Free, RSVP due to limited capacity to Rachel Valinsky at rachel@lisa-cooley.com
What’s valuable in art work? How should artists be paid for the things that they do? Alison Gerber and Joseph del Pesco explore historical and contemporary arguments for the value of artistic practice, and consider institutional responses to the problems of artworks, art work, and art as work.
 
Alison Gerber is a doctoral candidate in the Department of Sociology at Yale University and a junior fellow of the Center for Comparative Research and the Center for Cultural Sociology. Her research focuses on work, culture, and public life.

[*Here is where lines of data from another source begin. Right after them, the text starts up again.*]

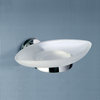 Wall Mounted Oval Frosted Glass Soap Holder With Chrome Mounting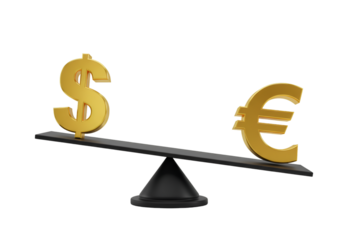 3D Render Of Gold Dollar And Euro Currency Symbols Balancing Illustration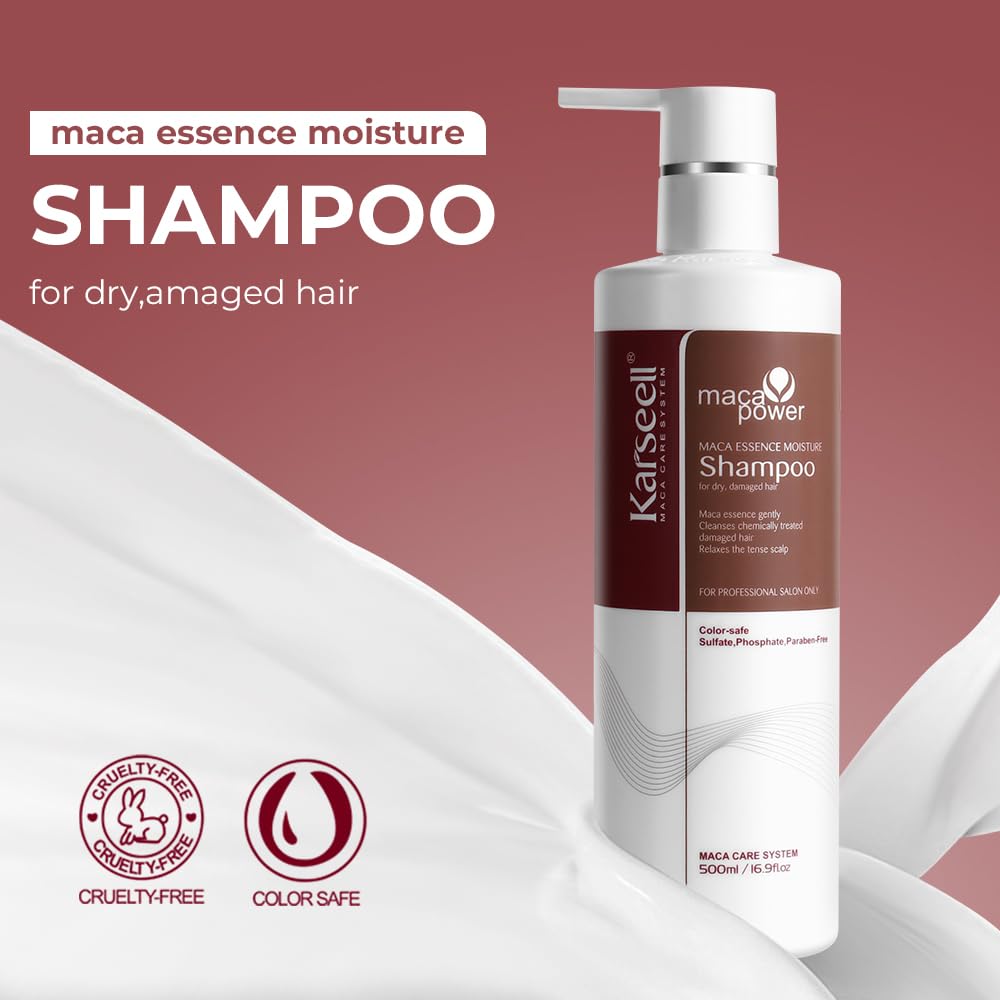 Karseell™ Champú de aceite de Argán y Maca, 💧HIDRATANTE Y ♨️REPARADOR PROFUNDO💃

Her dissertation research examines variation in the ways artists define the value of their activities in order to investigate mechanisms that influence monetary valuation and occupational commitment. The project aims to develop a theory of valuation and its variation within occupations, and to illuminate valuation outside of stable employment relationships in order to contribute to our understanding of artists as well as economic and working life more generally. Alison holds a BA and BFA from the University of Minnesota, attended Critical Studies at Malmö Art Academy / Lund University, and holds an MA and MPhil from Yale University. She lives in New Haven, Connecticut.

Joseph del Pesco is the director of the San Francisco branch of the Kadist Art Foundation. His practice as a curator, writer and media producer is marked by a collaborative working approach and a pursuit of experimental institutional strategies. He has previously held positions at the Nelson Gallery at UC Davis, and Artists Space and participated in residencies at the Banff Centre in Alberta, Canada and Fondazione Sandretto Re Rebaudengo in Torino, Italy. He has also realized numerous independent projects in the Bay Area including the Pickpocket Almanack at the San Francisco Museum of Modern Art, the Collective Foundation at the Yerba Buena Center for the Arts, and the Secret Society at the Berkeley Art Museum. His writing has appeared in numerous publications including the recent catalog for the exhibition Six Lines of Flight at SFMOMA, and the journals Fillip, Manifesta Journal, Mousse, Art in America’s website, Utne Reader, X-Tra, Flash Art, and NERO.